Recently, (4 February, 2000) I discovered another problem with using gprof. At the end of an Elf job built with the 8.5.0 profiled build, the following cryptic message was printed, and the gmon.out file wasn't generated.
mcount: tos overflow
The original Berkeley code for gmon.c has a hardcoded maximum number of modules it can profile, 65534. As the L3 job discussed above has ~11k modules, I can believe that Elf has more than six times that number. This is going to be a problem, at this point, I am not aware of a solution on Sun. Recent patches to gcc may have fixed this, but we are using Sun's CC compiler on SunOS
Profiling is broken with the current version we are using of cxx on OSF, this was reported and was fixed in a newer version of the compiler.
There are two main methods in BaBar to determine code performance, module level timing (AppActionConfTime) and profiling (gprof). Each has drawbacks, AppACT can't see Framework overhead, and gprof does certain accounting incorrectly. Each has benefits, AppAST is easy to use and gives a point of reference, gprof gives lots of detailed information showing exactly where the problems are.

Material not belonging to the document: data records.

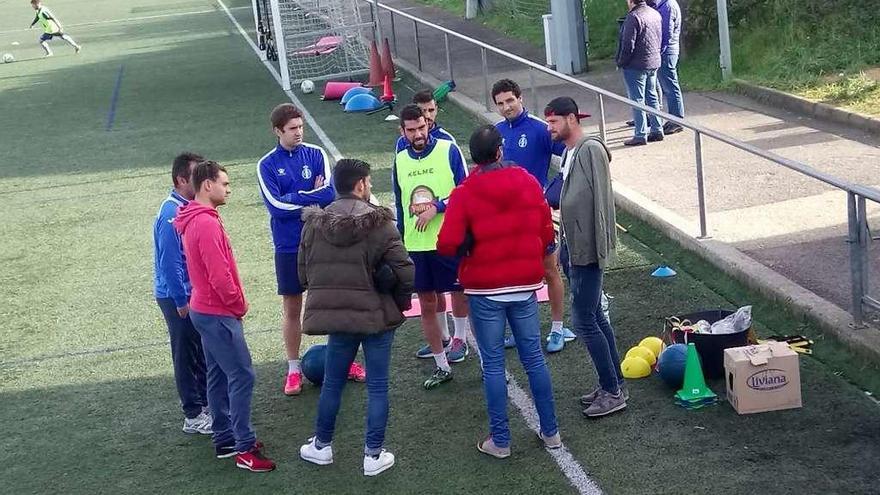 Dudi, a la derecha, explica a los compañeros los pormenores de la lesión.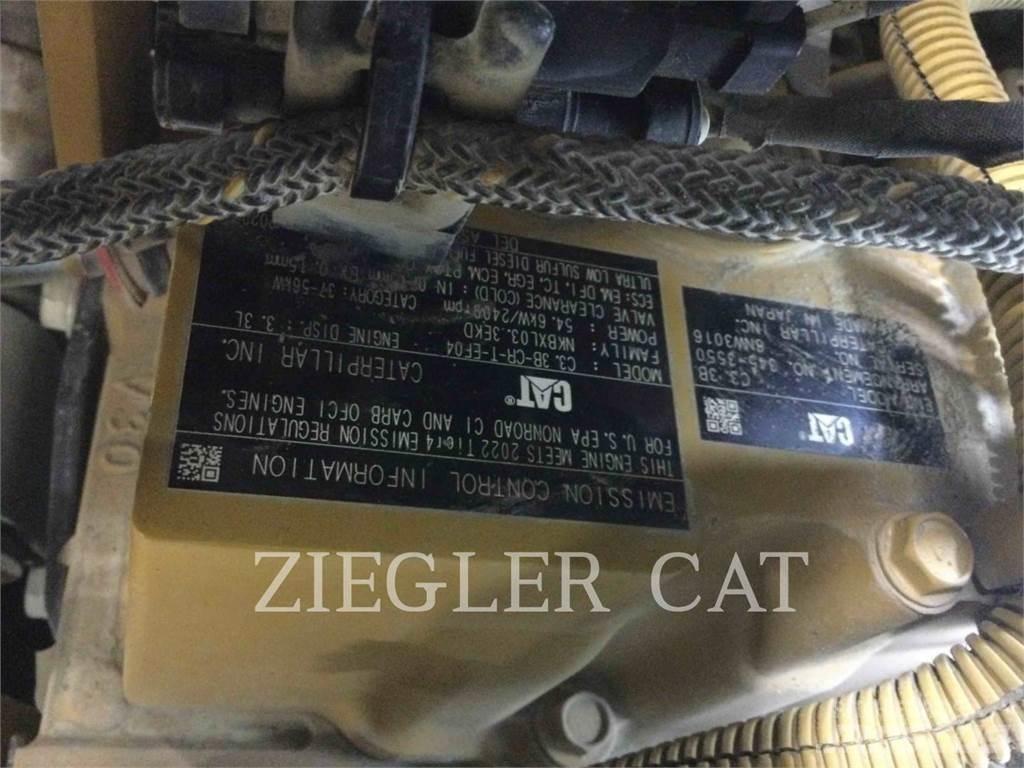 CAT 259D3 Lánctalpas homlokrakodók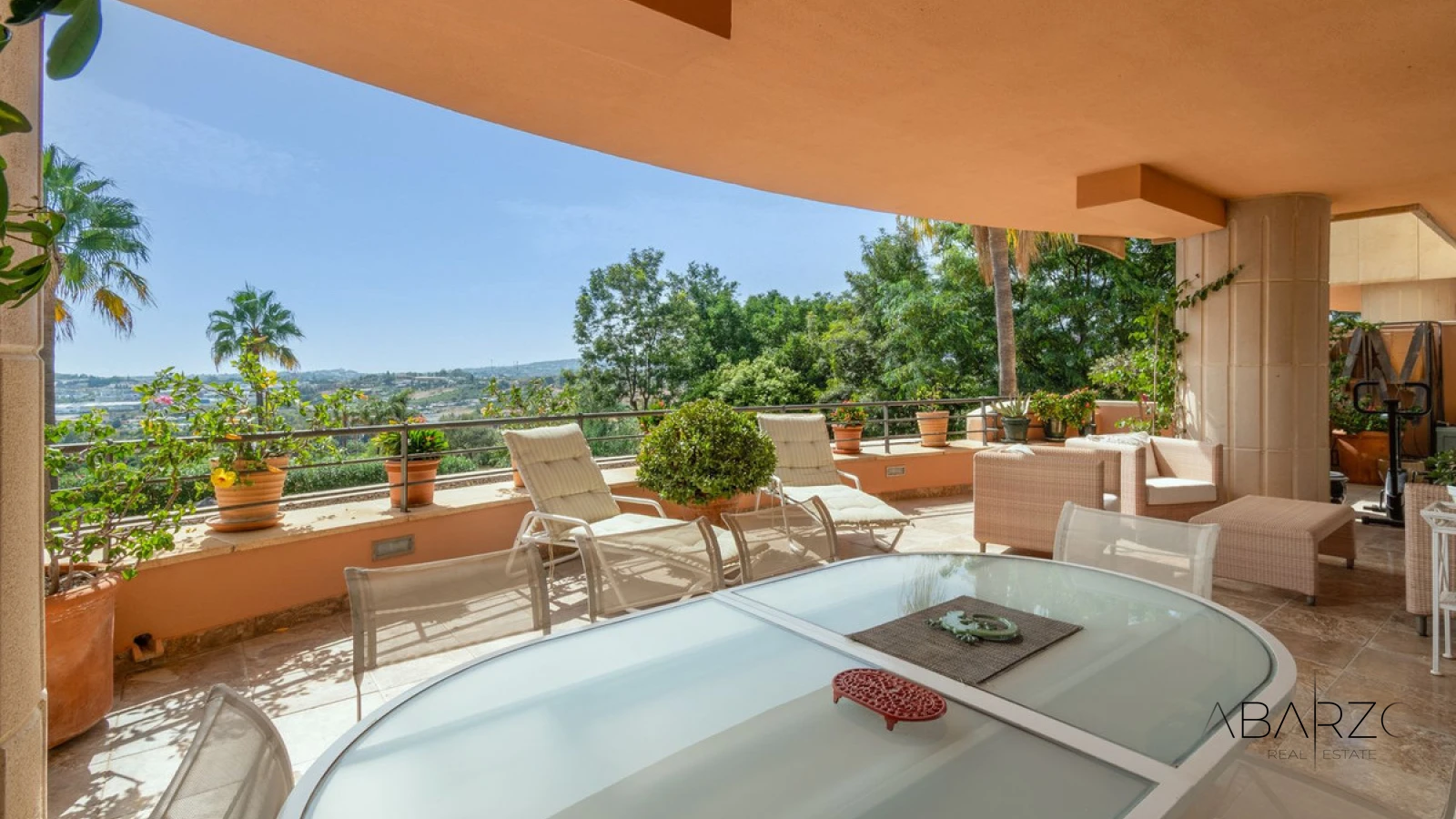 Spacious 3-Bedroom Apartment in Magna Marbella with Panoramic Golf and Sea Views — interior, Nueva Andalucía, Marbella (4 of 31)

Using these in combination will give the most information. However, you cannot use AppACT/AppAST on profiled builds. The profiler adds significant time to the actual execution speed, which it factors out later. Your best bet is to have two compiled versions, one with profiling, one without.